“Everything you’ve ever wanted is sitting on the other side of fear.” – George Addair

Kwazi Ndlangisa


Arts & Entertainment

Organisation / Company

IKhambi Writers Hub


The stereotype of the “struggling poet” doesn’t sit well with Kwazi Ndlangisa, 24. As the founder and director of IKhambi Writers Hub, a nonprofit that runs art projects to preserve indigenous languages and develop the youth, he has managed to provide employment opportunities and promote poetry, writing and various other art forms. His debut live event in 2016 was backed up by local music giants such as Mabi Thobejane and Madala Kunene, who inspired him to start doing poetry together with music.

He taught himself how to promote his events, and, by inviting government officials and dignitaries from social development organisations, began to get bookings for more shows. These days IKhambi gets funding from the National Arts Council and the department of arts and culture, but Kwazi says he had to dig deep, improve his skills and learn to collaborate to achieve this. Kwazi sees the youth as the “key driver of positive change”.

His organisation is passing on skills in poetry through a mentorship initiative called the Loba Mentorship Programme. He believes that in a decade the poetry industry in South Africa will be “well oiled”, with support from big companies and poets sustaining themselves on their art.


Bachelor of Commerce in Project Management, Mancosa, (first year)


In 2016 I produced my debut live event, Tea Time Poetry with Kwazi Ndlangisa, and I was accompanied by legends of indigenous music such as Madala Kunene, Mabi Thobejane and Tim Zondi as the project toured around KZN. The tour was documented in a video format and in 2017 we toured the same cities: Durban, Pietermaritzburg and uMzimkhulu, where we also launched a DVD. This is where I got inspired to perform my poetry with a band. Touring different cities introduced me to new audiences, which inspired me to do a National Book Tour in 2022 after publishing my poetry book titled Collecting Self. I also learnt the dynamics of coordinating events and writing funding proposals.
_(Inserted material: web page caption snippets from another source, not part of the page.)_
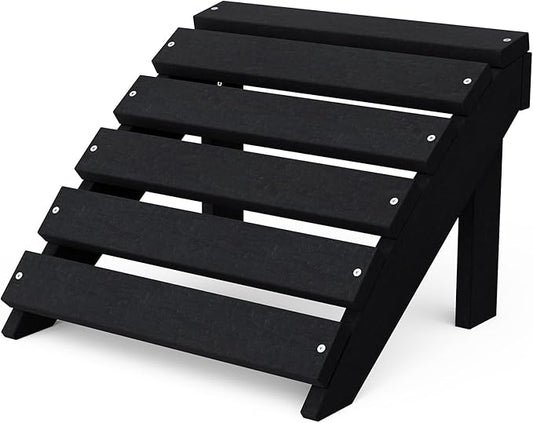 Wildridge Classic Footrest, Black - Outdoor Weather Resistant HDPE Ottoman for Adirondack Chair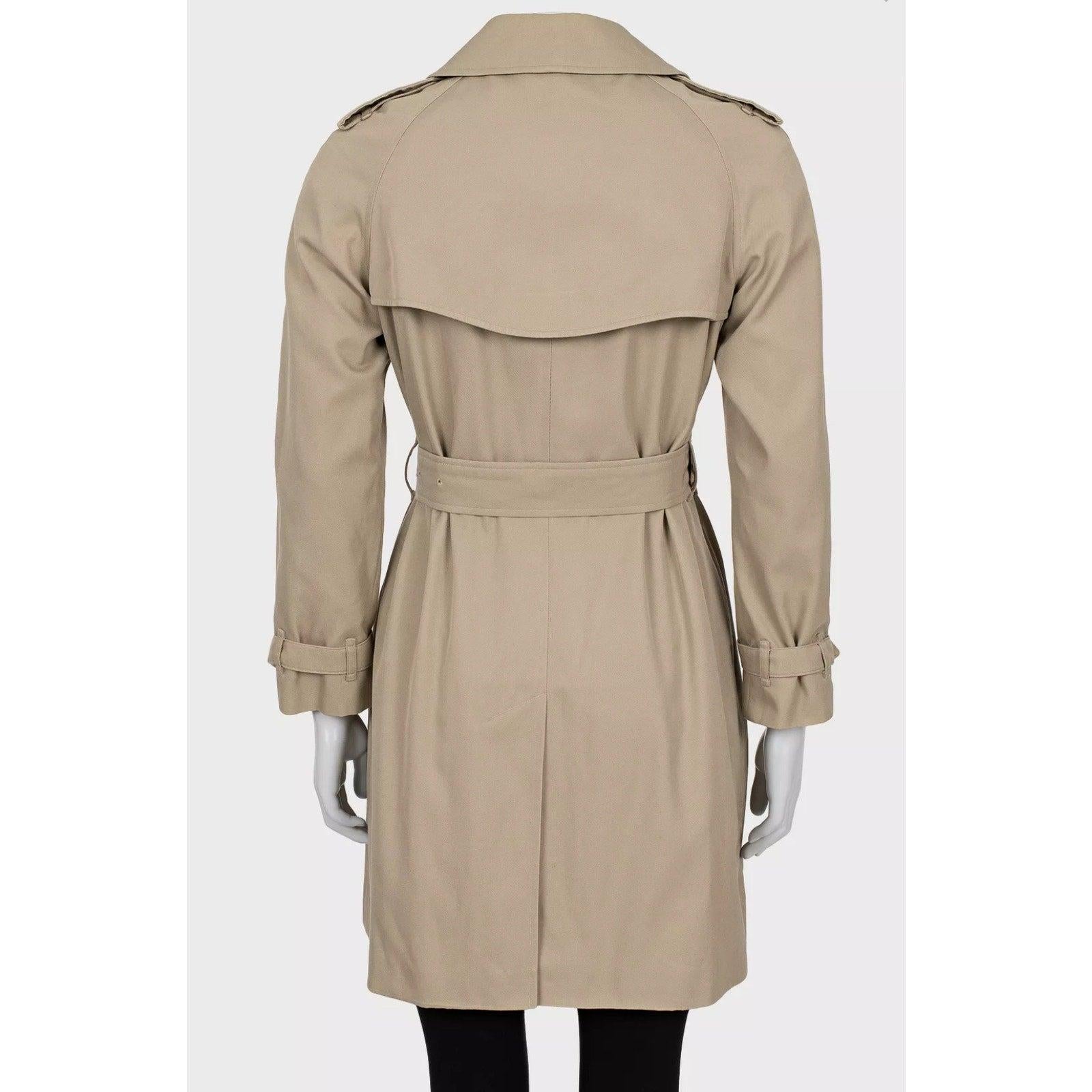 Burberry Vintage Beige Double-Breasted Trench Coat Sz.S In condizioni buone a Krakow, PL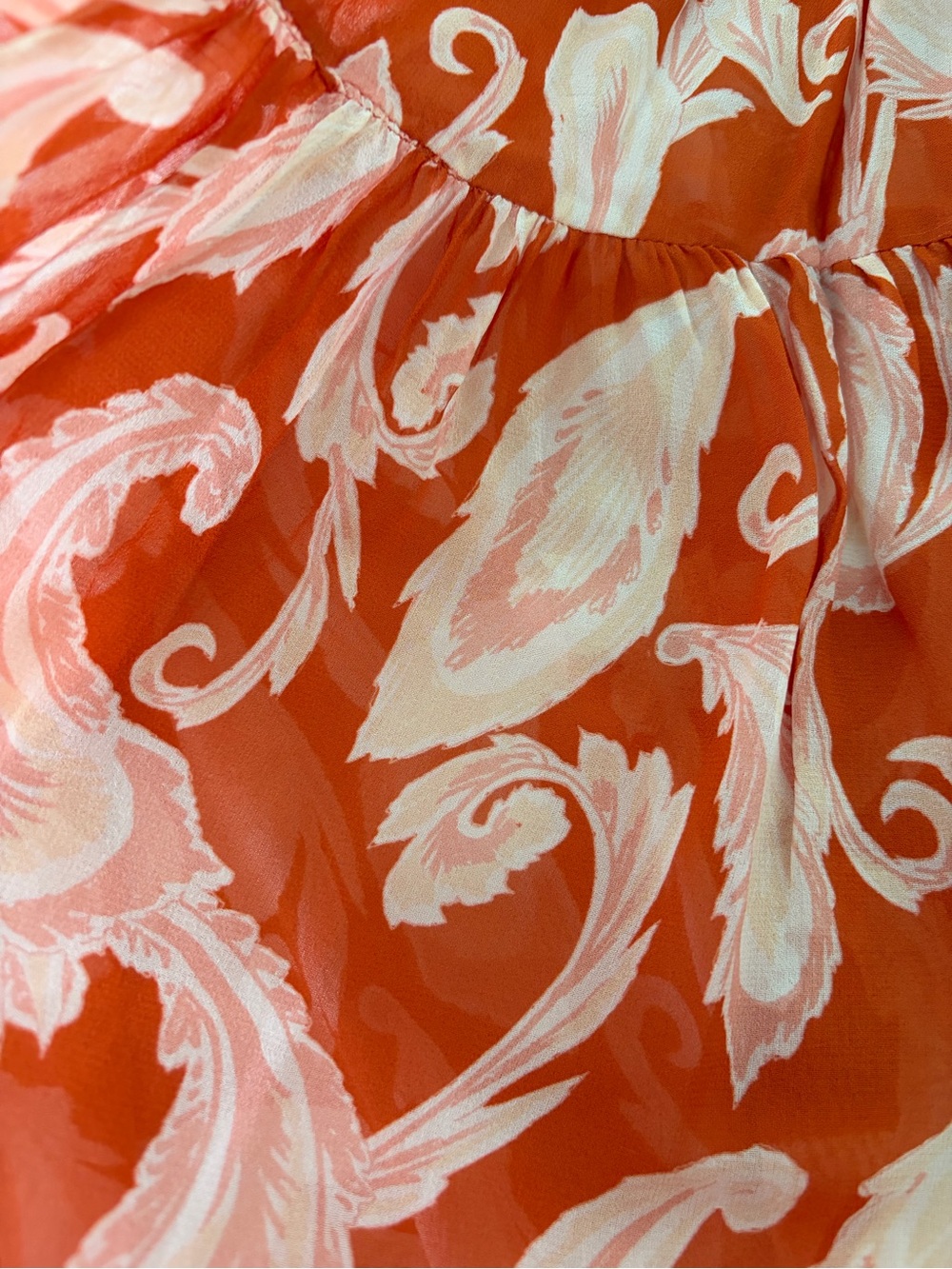 Strapless Orange & White High-Low Maxi Dress with Smocked Top - Picture 3 of 10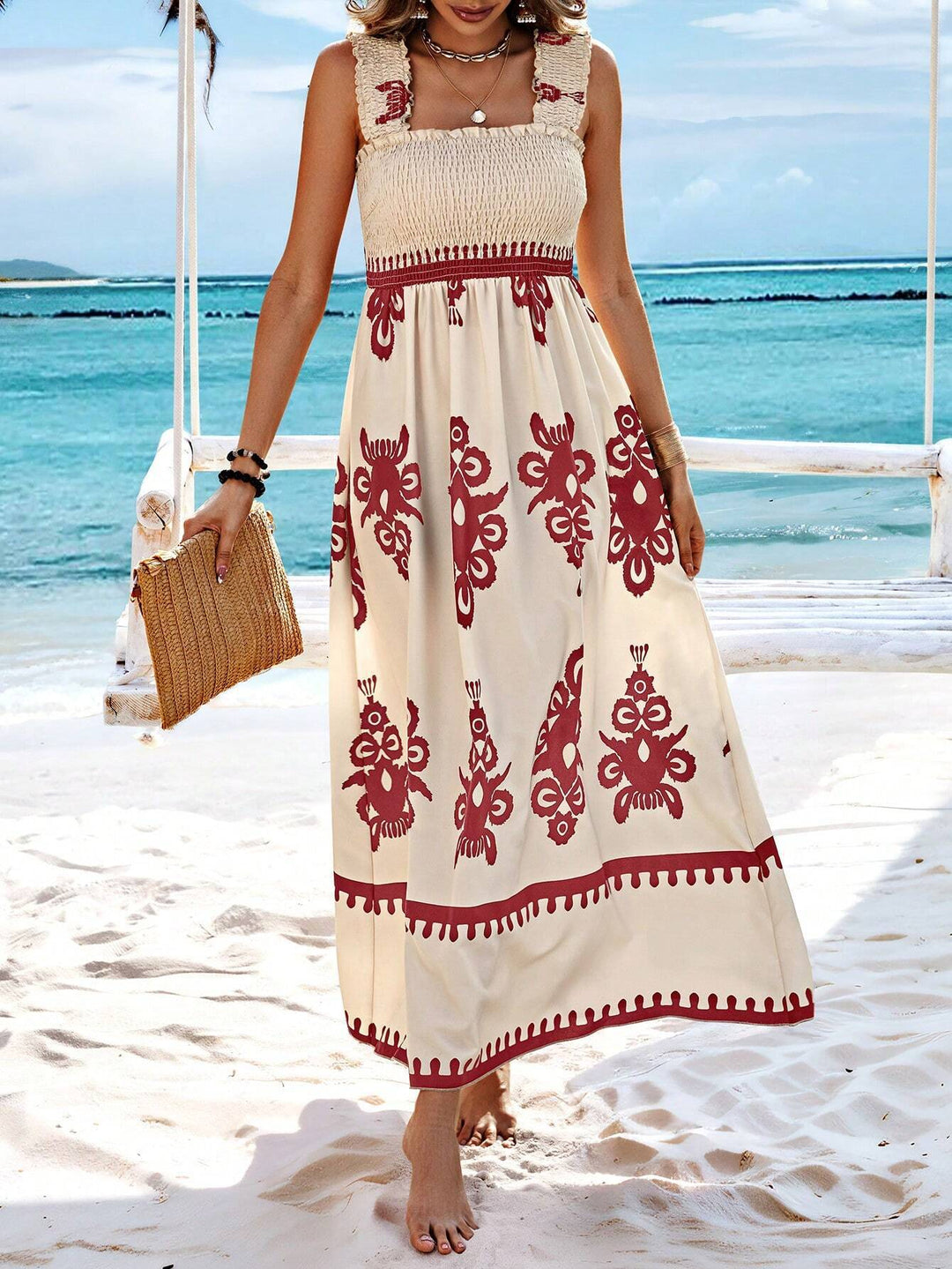 Robe longue à imprimé bohème pour femme, bretelles de plage beiges et noires - Zahara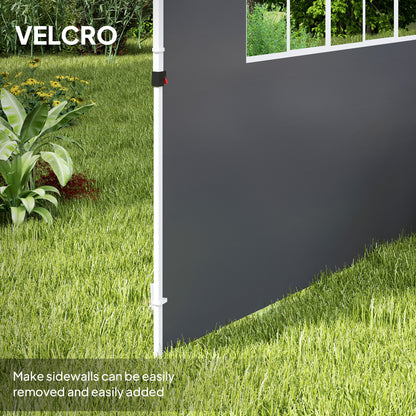 2.95 Meters Gazebo Replaceable Exchangeable Side Panel Wall Panels Walls With Window, Dark Grey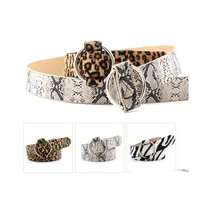 Belts Vintage Women Pu Leather Belt Decoration Smooth Circle Buckle Snake Leopard S827 Drop Delivery Fashion Accessories Dhnpi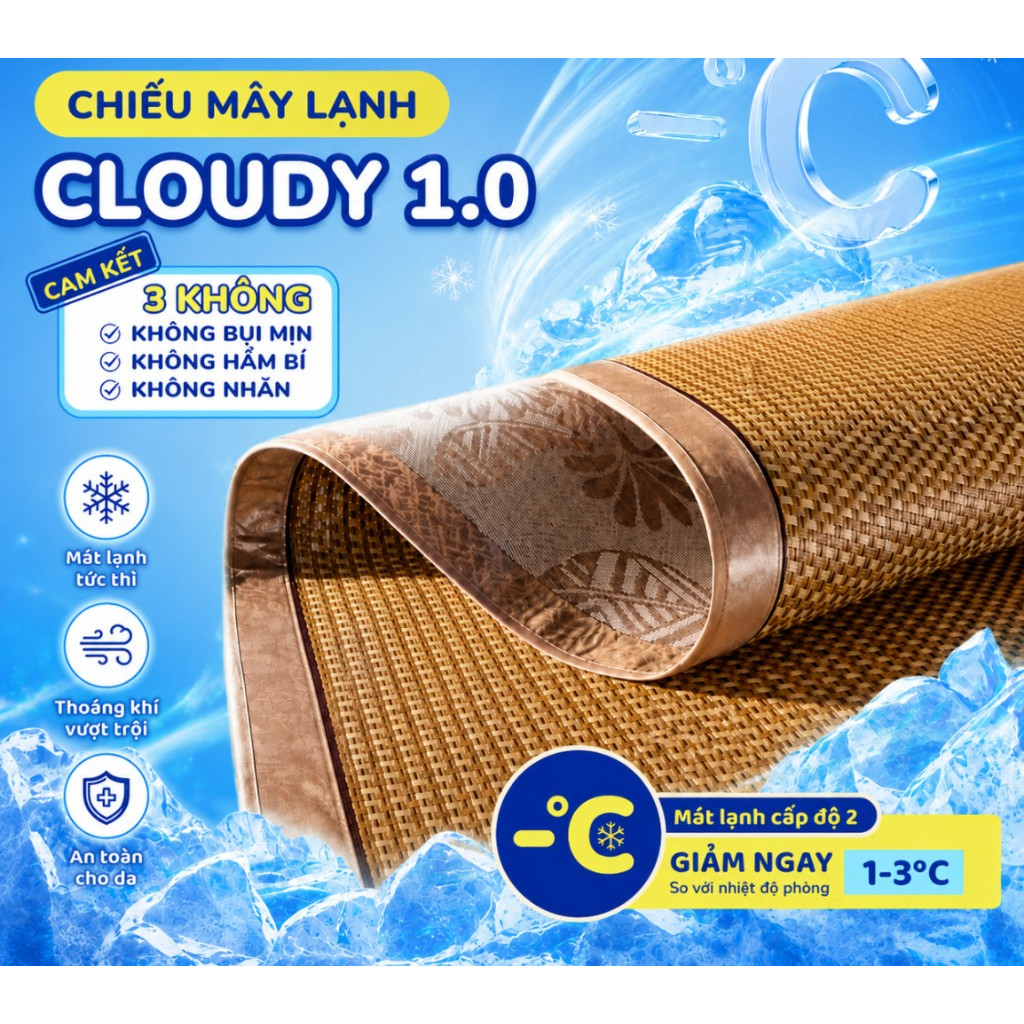 Cloudy 1.0 Smooth Air Conditioning Cold Cloud Mat Cool Summer Decor, Cool Cloud Cooling Mat
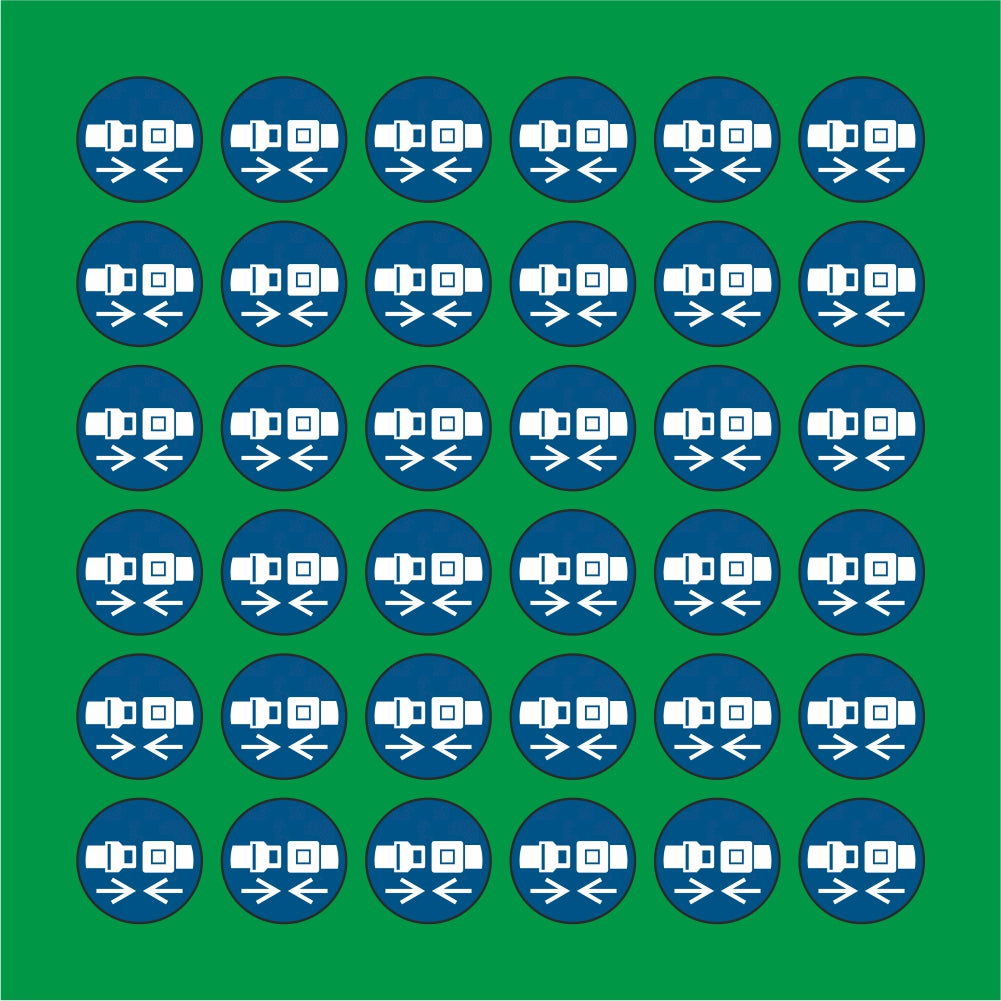 PACCO DA 6 KIT DI 6 ADESIVI ROTONDI - Allacciare la cintura di sicurezza - Pittogramma ISO 7010 Con Stampa Diretta U.V.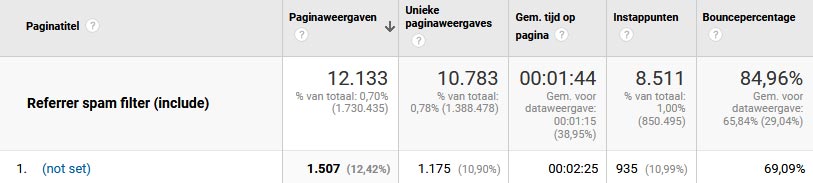 Paginatitel (not set) in Google Analytics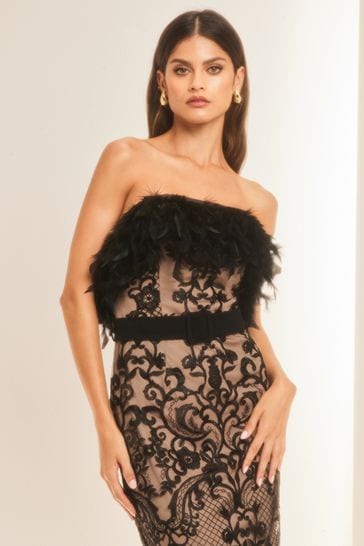 Buy Lipsy Black Premium Feather Lace Bandeau Belted Midi Dress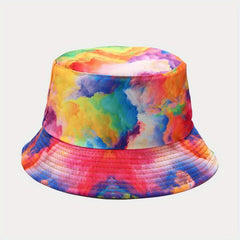 Hip Hop Reversible Bucket Hat Tie Dye Print Fisherman Cap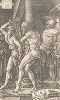 Cерия "Страсти Христовы". Бичевание Христа. Гравюра Альбрехта Дюрера, выполненная в 1512 году (Репринт 1928 года. Лейпциг)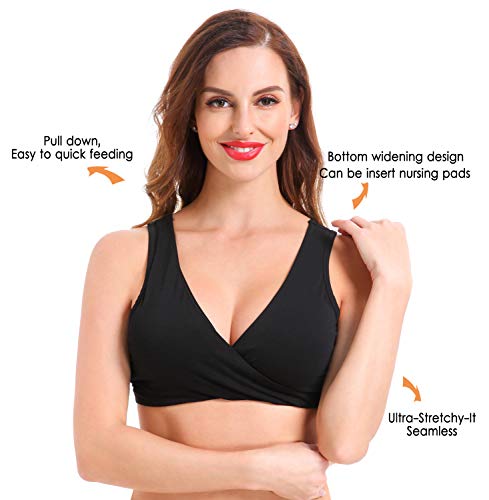 YiNuow enfermería de la Maternidad del sueño Sujetador Wirefree algodón Soft Cup Amamantamiento Ropa Interior Bra (Negro, XXL)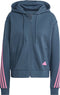 adidas Future Icons 3-Stripes Ritshoodie - Dames - Losvallend model - Turquoise - L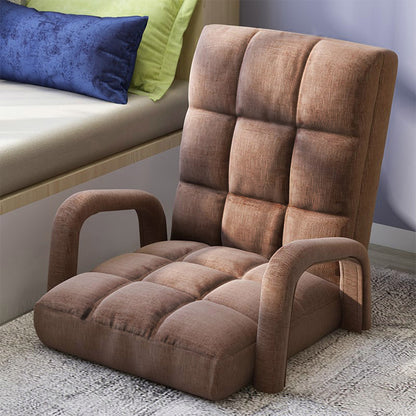 SOGA 4X Foldable Lounge Cushion Adjustable Floor Lazy Recliner Chair with Armrest Coffee • LUZ-LoungeArmCoffeeX4
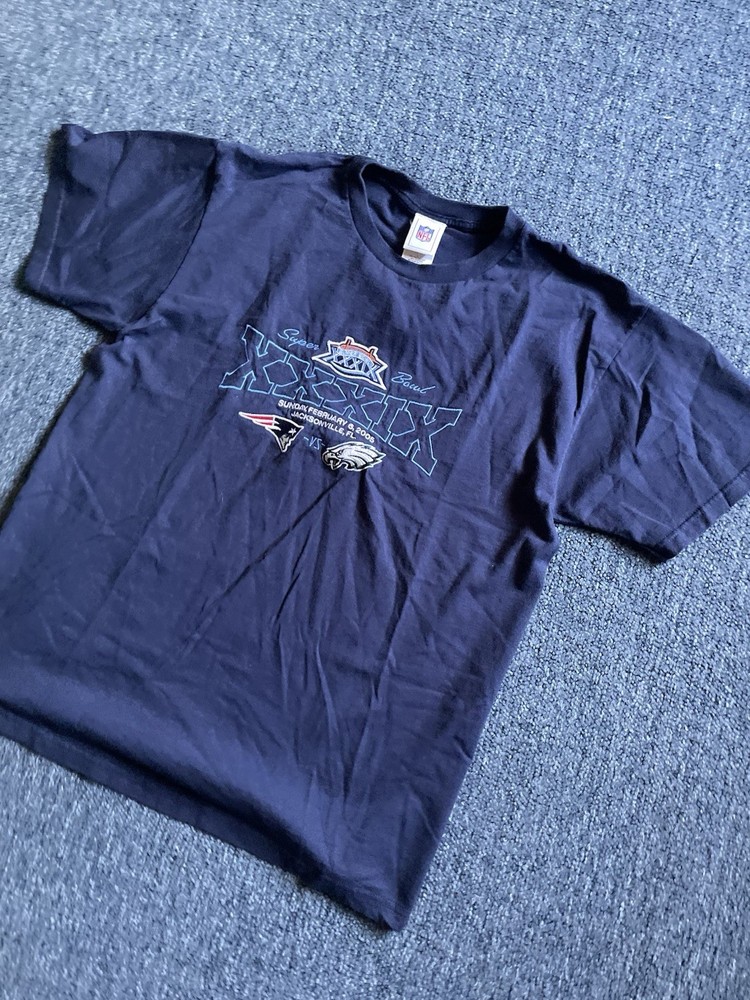 Vintage 2005 Philadelphia Eagles vs New England Patriots Super Bowl Tshirt Sz L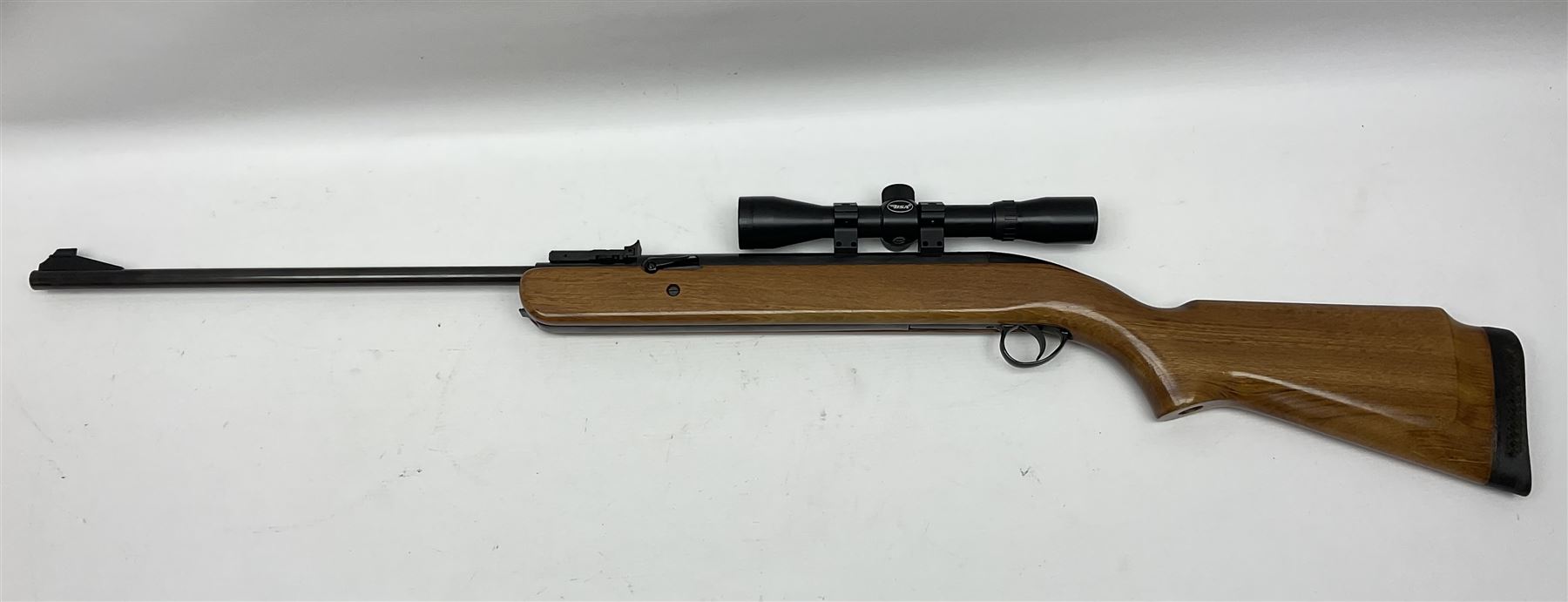 BSA 22 caliber air riffle with telescopic sight, in Fambeau hard case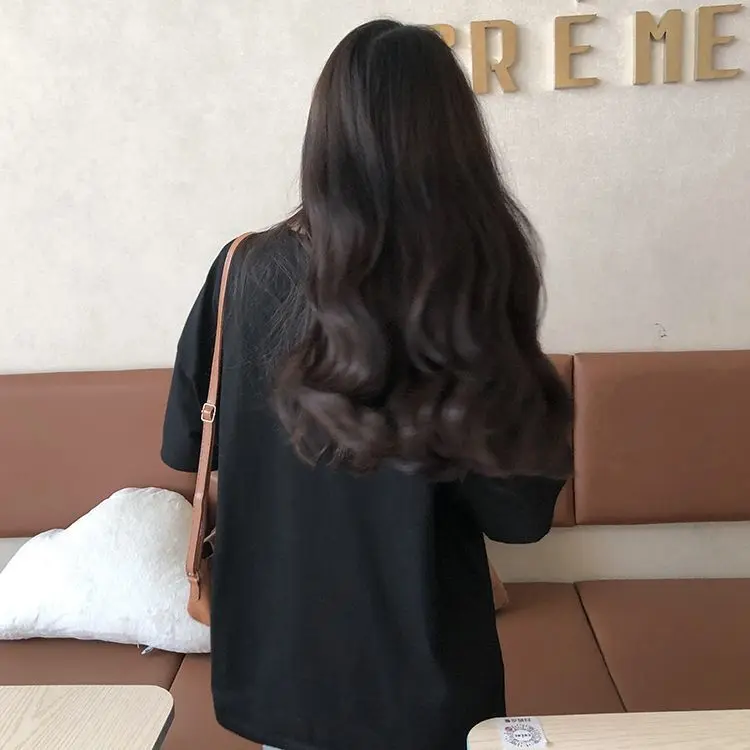 Pure Cotton Round Neck T-shirt for Women Loose Short Sleeved Base Shirt with Inner Ins White Top Clothes Summer Wear New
At my first event, I invited various government departments and social development organisations to my shows — and that’s where they saw the influence I have in my community and started to book me for their programmes.


Madala Kunene, a Durban-based legendary guitarist influenced my journey in the cultural and creative industries through his Indigenous music and his dedication to uplifting the young creatives who have an impact in the community. I used to perform poetry as a solo artist, but after I met him at a concert in 2014 he offered to collaborate with me for live performances. Our debut performance was at the Poetry Africa Festival in 2015, hosted by the Centre For Creative Arts at the Elizabeth Sneddon Theatre in Durban. He also taught me a lot about indigenous music and I now combine poetry with Nguni folk music in my performances. I am grateful to have honoured him and presented his portrait artwork at my show, Nguni Folk Music Experience, in 2022.